Instructions verbales dans l'administration malienne : Le piège silencieux de la hiérarchie publique ?

Au Mali, la gouvernance publique est souvent secouée par des affaires judiciaires impliquant des agents de l'État, notamment des administrateurs financiers et des responsables techniques. Nombre d’entre eux se retrouvent devant les tribunaux, non pas pour avoir agi de leur propre chef, mais pour avoir exécuté des instructions verbales venues de leur hiérarchie. Un phénomène aussi courant qu’inquiétant, devenu une brèche systémique dans la gestion des deniers publics.
La face cachée des instructions verbales
Dans les couloirs feutrés de l’administration, il n’est pas rare que des ordres soient donnés à voix basse. Qu’ils émanent d’un ministre, de son directeur de cabinet ou d’un proche collaborateur politique, ces ordres sont souvent pressants, non écrits, et pourtant impératifs. Leur exécution s’impose aux subalternes, pris au piège entre devoir de réserve et obéissance hiérarchique.
Des missions initialement destinées aux Secrétaires Généraux garants de la continuité administrative sont, aujourd’hui, régulièrement confiées à des membres de cabinet aux profils politiques, dans un flou administratif parfois volontaire. Le résultat à ce niveau, est la confusion des rôles, le désordre procédural, et surtout… porte ouverte aux fautes graves de gestion.
Quand l’exécution devient compromission
Les agents d’exécution, notamment les administrateurs financiers, sont les plus exposés. Placés sous pression, ils obéissent, souvent à contrecœur, pour ne pas risquer leur carrière. Pourtant, en cas de scandale ou de contrôle, ce sont eux qui font face à la justice. Et dans la majorité des cas, l’ordre hiérarchique, à l’origine des fautes, reste dans l’ombre.
Le procès retentissant autour de l’achat de l’avion présidentiel et des équipements militaires illustre tragiquement cette réalité. Plusieurs anciens hauts fonctionnaires s’y défendent, affirmant avoir agi sur instruction hiérarchique. Dans leurs dépositions et témoignages, on pourrait assimiler la bonne foi, la crainte de perdre leur poste. Mais face aux juges, l’argument ne suffit plus. La responsabilité pénale est individuelle, même dans le contexte d’instruction orale.
Une problématique d'éthique, juridique et politique
La pratique des instructions verbales soulève de graves questions : Où s’arrête la loyauté administrative et où commence la complicité ? Peut-on exiger l’exécution sans trace, et condamner sans preuve écrite ? Quel est le rôle réel de l’autorité politique dans la préservation des règles ?
Dans un État de droit, le respect des procédures n’est pas une option. Il est la garantie d’une gestion saine, traçable et transparente des ressources publiques.

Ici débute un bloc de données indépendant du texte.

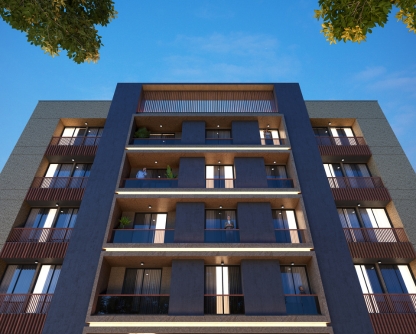 Vishwanath Green Serenity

Quelles solutions pour rompre le cercle vicieux ?
Pour endiguer cette pratique qui mine l’administration et expose les cadres à la justice, plusieurs mesures peuvent et doivent être envisagées notamment interdire formellement les instructions verbales ayant des incidences financières. Toute directive touchant aux finances publiques doit être consignée par écrit, signée et enregistrée. Mettre en place un registre des ordres dans chaque ministère. Il servira comme un outil de traçabilité administrative qui protège les agents et engage les donneurs d’ordre. Former les cadres à la responsabilité administrative et à l’éthique publique en renforçant leur capacité à demander des confirmations écrites sans craindre des représailles.
Renforcer le rôle des Secrétaires Généraux comme garde-fous procéduraux c'est à dire redonner à l’administration son pouvoir régulateur face aux injonctions politiques.
Créer une cellule d'alerte administrative indépendante pour recueillir les signalements anonymes d’abus hiérarchiques et instruire en amont les cas sensibles.
Gouverner, ce n’est pas ordonner dans le silence, c'est prévoir aussi.
L’administration publique ne peut pas continuer à fonctionner dans une zone grise entre ordre verbal et exécution aveugle. L’exemple du procès de l’avion présidentiel devrait faire école : il démontre à quel point les instructions non formalisées peuvent devenir des bombes judiciaires à retardement.
Sensibiliser, responsabiliser, et formaliser doivent être les piliers d’une réforme profonde. Car chaque ordre mal documenté peut un jour devenir une faute. Et chaque faute, un scandale de plus dans la longue liste de la mauvaise gouvernance au Mali.